▶ _GIVEN RECORDS_:
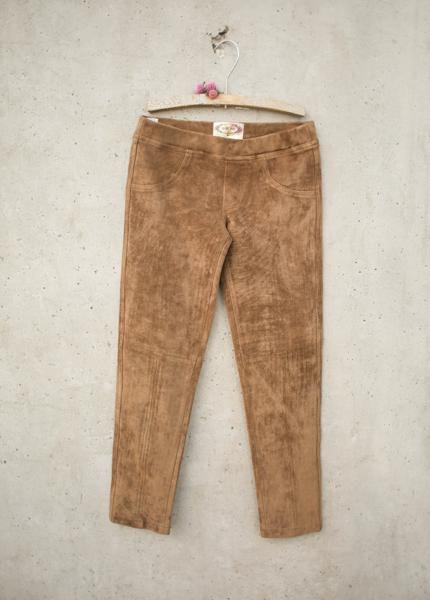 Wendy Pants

...

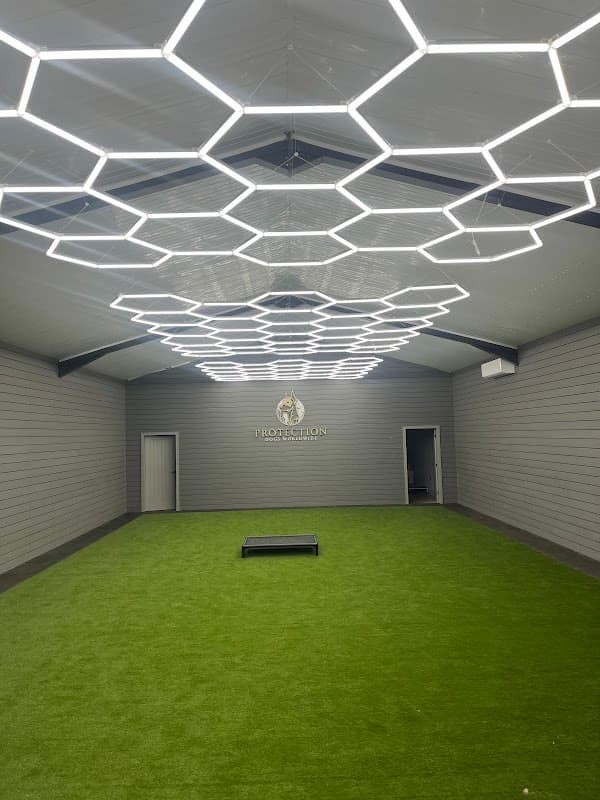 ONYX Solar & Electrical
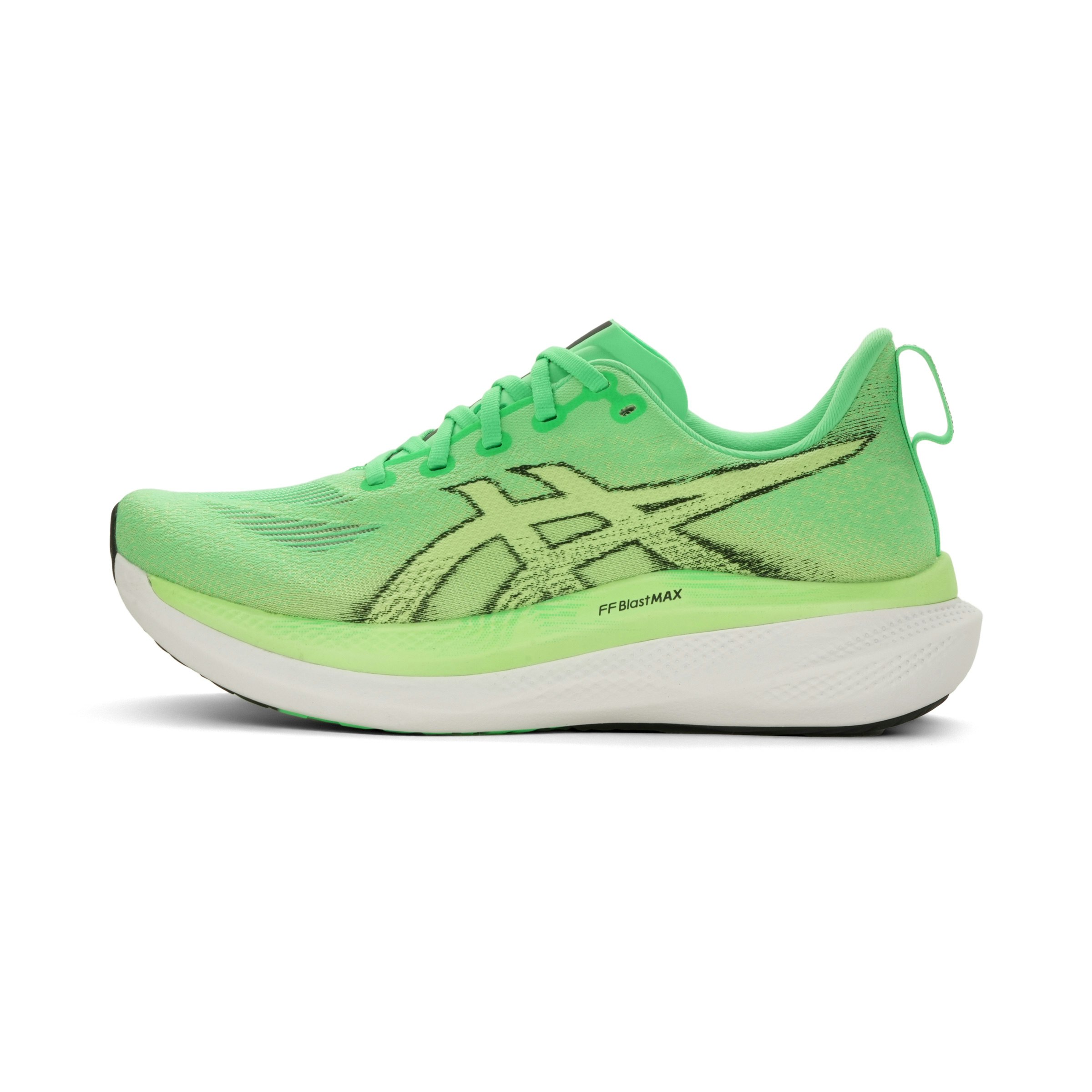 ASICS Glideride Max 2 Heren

* * *

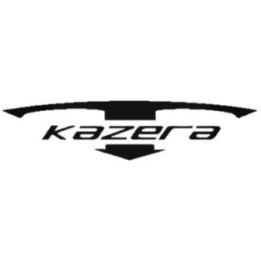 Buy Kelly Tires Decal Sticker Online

▶ _TASK TO COMPLETE_: Above are some records. Reproduce the lines from the one with "ONYX Solar & Electrical" down to the one with "ASICS Glideride Max 2 Heren", keeping both, and leave every picture out.

▶ _TASK ANSWER_:
 ONYX Solar & Electrical
 ASICS Glideride Max 2 Heren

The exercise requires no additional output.